Prove that the Kings are any worse in 'developing' than the average team and it might be interesting.
It has been done plenty of times with 1st round picks. Your response is to bury your head in the sand and say that "These guys you expect to be good are barely old enough to buy a beer", completely ignoring that players "barely old enough to buy a beer" are contributing all over the league. Do you follow the rest of the league at all?
And the Kings aren't bad at developing everyone. A case can be made that the Kings drafting and development outside of round 1 is the best in the NHL. Which ofcourse you would agree with. And then completely disagree with those same statistics saying how bad the 1st round has been.
But I'd be happy to provide evidence.
#11 pick in 2017 Gabriel Vilardi 89GP - 18- 19- 37. (re-signed to 1 year, $825k deal)
Next 6 forwards taken
12- Martin Necas - 203GP - 45- 74- 119 (2 years, $6m)
13 Nick Suzuki - 209GP- 49 - 94- 143 (8 years, $63m)
19 Josh Norris - 125GP - 52 - 38 - 90 (8 years, $63m)
20 Robert Thomas - 241GP - 42 - 122 - 164 (2 years, $5.6m)
21 Filip Chytil - 253GP - 42- 51- 93 (2 years, $4.6m)
22 Kailer Yamamoto - 186GP - 40 - 53- 93 (2 years, $6.2m)
How many of these players would you take over Vilardi? be honest.
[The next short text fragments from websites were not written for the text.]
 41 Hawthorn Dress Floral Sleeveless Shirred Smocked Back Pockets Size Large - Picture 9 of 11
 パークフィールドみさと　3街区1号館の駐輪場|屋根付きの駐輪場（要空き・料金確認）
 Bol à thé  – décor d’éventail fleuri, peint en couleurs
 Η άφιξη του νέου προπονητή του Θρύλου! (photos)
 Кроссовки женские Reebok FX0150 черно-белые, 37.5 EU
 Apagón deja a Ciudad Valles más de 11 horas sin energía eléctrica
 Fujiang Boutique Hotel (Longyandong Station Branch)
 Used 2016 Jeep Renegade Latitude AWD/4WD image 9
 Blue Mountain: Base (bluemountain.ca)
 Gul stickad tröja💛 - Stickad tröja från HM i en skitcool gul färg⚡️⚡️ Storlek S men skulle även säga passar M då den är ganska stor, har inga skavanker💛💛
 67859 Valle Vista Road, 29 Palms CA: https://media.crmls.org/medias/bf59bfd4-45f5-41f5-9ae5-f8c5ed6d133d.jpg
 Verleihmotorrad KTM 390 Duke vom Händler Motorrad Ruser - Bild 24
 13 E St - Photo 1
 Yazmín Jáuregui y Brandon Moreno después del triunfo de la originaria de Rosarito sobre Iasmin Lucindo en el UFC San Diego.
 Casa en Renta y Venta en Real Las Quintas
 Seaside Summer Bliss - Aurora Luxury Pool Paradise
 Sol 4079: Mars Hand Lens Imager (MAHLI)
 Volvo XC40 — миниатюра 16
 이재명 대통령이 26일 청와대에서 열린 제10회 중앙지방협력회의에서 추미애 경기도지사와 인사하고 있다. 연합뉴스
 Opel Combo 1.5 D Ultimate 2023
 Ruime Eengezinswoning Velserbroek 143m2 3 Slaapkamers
Simply amazing how much money teams are giving to players "barely old enough to buy a beer". These guys clearly can't be contributing, they are barely old enough to buy a beer.
#5 pick in 2019 Alex Turcotte 8GP - 0 - 0 - 0
Next 6 forwards taken
7 - Dylan Cozens 120GP - 17- 34- 51
9 - Trevor Zegras 99GP - 26 - 48 - 74
10 - Visali Podzokin 79GP - 14 - 12 - 26
12 - Matt Boldy - 47GP - 15 - 24 - 39
15 - Cole Caufield - 77GP - 27- 21- 48
16 - Alex Newhook 77GP - 13- 23 - 36
How many of these players would you take over Turcotte? be honest
When you have a #11 and a #5 pick entering their 6th and 4th years in the organization and in each of their drafts almost everyone taken closely after them are clearly outperforming them, well you have a problem. This is a results oriented business and the results aren't there.
I won't do 2020, I do think its a bit to early to judge QB, talk to me next spring. But you also do have to say that so far there are five players from that draft who despite being "not even old enough to buy a beer" have produced a .5 PPG in the NHL over 60 or more NHL games.
I just think you have a woeful ignorance of how many players under 21-22 that there are producing in the league right now. You don't need to be the legal age to drink booze to be an impact NHL'er, and if you are a 1st round forward and you aren't there by your 22nd birthday your chances are pretty slim to be anything more than a depth piece. You ain't a "kid" anymore in the NHL world. Don't believe me check the success rate of 1st rounders who aren't NHL regulars by that age, it's a graveyard.